FRANKFURT (Reuters) - Germany’s second-biggest lender Commerzbank AG (CBKG.DE) is considering cutting back its fixed income and currencies (FIC) business in London as it adjusts to declining demand, two sources familiar with the matter said.
The bank plans to shift around half of its roughly 250 FIC staff in London - who have already seen a headcount reduction of about 20 percent this year - to Frankfurt, said two sources who declined to be named because they are not authorized to speak to the media.
Like all investment banks, the bank is suffering from sluggish demand for products in areas such as interest rate hedging and forex hedging, as interest rates linger at historic lows and market volatility remains subdued.

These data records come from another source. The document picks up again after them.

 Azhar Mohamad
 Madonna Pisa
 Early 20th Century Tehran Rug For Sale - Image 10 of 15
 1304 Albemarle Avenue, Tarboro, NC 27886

“An exact number has not yet been decided,” one of the sources said, adding that between 40 and 60 percent of London FIC staff may be affected. “Many London-based employees will not want to move to Frankfurt and (will) likely leave the company.”
Commerzbank declined to comment on any possible job cuts but said no change in services for clients was under consideration.

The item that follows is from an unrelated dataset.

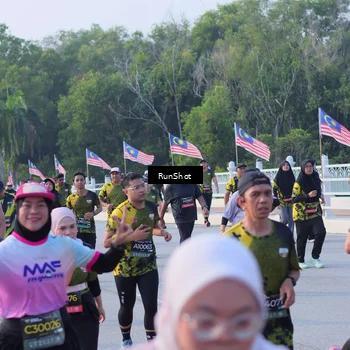 Runner Photo 7123719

“London remains key to Commerzbank’s international operations and the investment bank’s offering to clients remains unchanged across all asset classes,” a spokeswoman said in a written statement.

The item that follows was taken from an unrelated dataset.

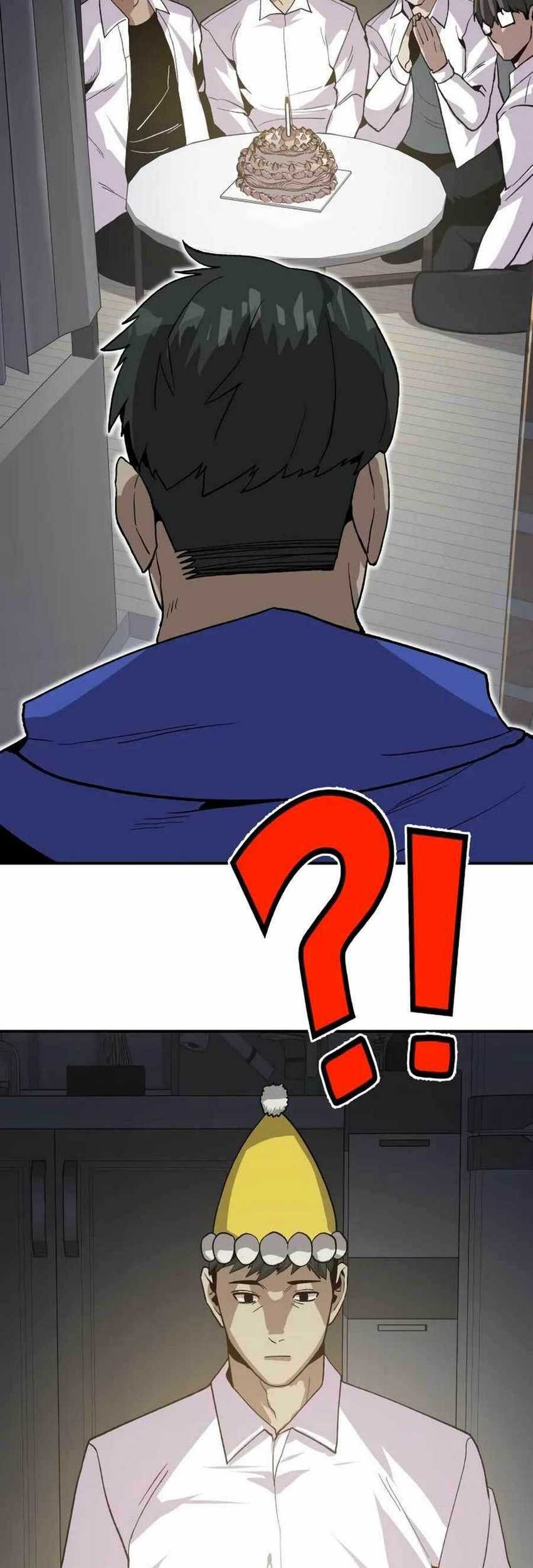 Hand over the Money! Chapter 17 Gambar 70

After completing a takeover of rival Dresdner Bank in 2009, Commerzbank slashed investment banking staff and has seen its headcount in that area hover around 1,800 since.
The bank aims to maintain a division that can meet the needs of German industry, its main client base, without incurring the costs and risks carried by bigger rivals.
Commerzbank competes primarily with Deutsche Bank AG (DBKGn.DE), Germany’s largest lender and Europe’s self-described “last man standing” in global investment banking.
Commerzbank, which received an 18 billion euro ($23 billion) government bailout in 2009, has sold underperforming assets and slashed its balance sheet in preparation for a health check of the sector, run by the European Central Bank (ECB) and due to be published later this month.
Although the bank’s chief executive Martin Blessing has won praise for leading an ambitious turnaround plan, Commerzbank is still one of the few European banks tipped by some analysts to fall short of the capital demands set in the ECB test.
Commerzbank’s investment banking division, of which FIC is part, saw revenue slip to 505 million euros last year from 639 million in 2010.
Separately, Commerzbank is cutting between 60 and 70 FIC staff at its Frankfurt home base, a “fine tuning” that is not part of group-wide cost-cutting measures, the people familiar with the process said.
In July, sources familiar with Commerzbank said the lender was widening the scope of its cost-cutting program and planned to shed more than 450 jobs on top of the 5,200 already announced.